In July 2010, the Wonder Girls were allowed to return to Malaysia for MTV World Stage Live in Malaysia, along with Katy Perry, despite her songs and clothing being too "sexy" for the Malaysian teenagers. In October the same year, Adam Lambert scheduled concert in Malaysia was given the green light amid moderate protests from fundamental Muslims over controversies pertaining to his sexuality.

In February 2012, an Erykah Badu concert was cancelled because it was found that she had applied a temporary tattoo of the word Allah on a part of her body.

In October 2013, a Kesha concert was cancelled at the 11th hour which has brought so much anger to the Malaysians. Although Kesha has tried to fit the rules set by the authorities but they still warned her that she will be imprisoned if she disobey the rules.

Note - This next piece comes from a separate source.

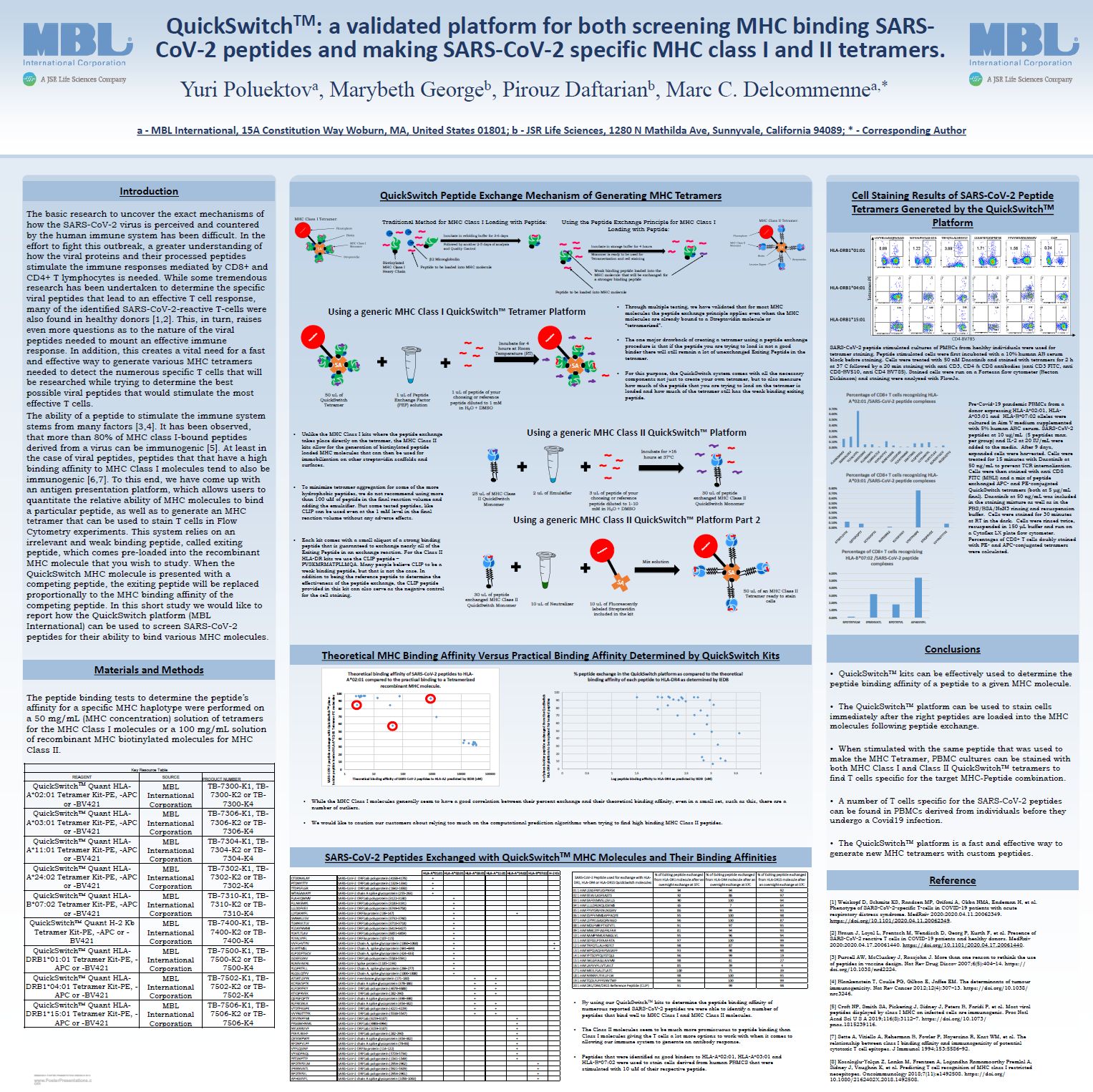 Scientific Poster: QuickSwitch™: a validated platform for both screening MHC binding SARS-CoV-2 peptides and making SARS-CoV-2 specific MHC class I and II tetramers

In July 2023, a The 1975 concert was cancelled during Good Vibes Festival in Kuala Lumpur and got banned from performing in Malaysia. During the festival, Matty Healy, the frontman of the band kissed their bassist, Ross McDonald in an act to protest against the country's anti-LGBTQ+ policies. He later made a speech, "I made a mistake. When we were booking shows, I wasn’t looking into it. I don't see the fucking point of inviting The 1975 to a country and then telling us who we can have sex with."

=== Songs ===
Any songs whether from local or foreign singers, may be censored if the song contains explicit lyrics or sexual references. For example, in 1989, the nation's public broadcaster, Radio Televisyen Malaysia, bans 71 songs by local artists in just three months alone. RTM also no longer plays or airs the song Despacito from their TV and radio stations in 2017 due for sexually charged lyrics. However, privately owned radio stations and online streaming services are still allowed to play and host the song.

Most song censoring were done by local radio stations such as Astro Radio's Hitz and Mix with stricter form of censorship and Malaysian feed of MTV Asia were delayed by 1 hour for censorship purpose. In addition, singles released to Malaysian radio stations may be different from the version released in the album due to censorship purpose.

==Film and cinema==

Film censorship in imposed in Malaysia and the Film Censorship Board of Malaysia is the government ministry that vets films and is also the government agency responsible for granting licenses to the films for commercial viewing. It is under the control of the Home Ministry.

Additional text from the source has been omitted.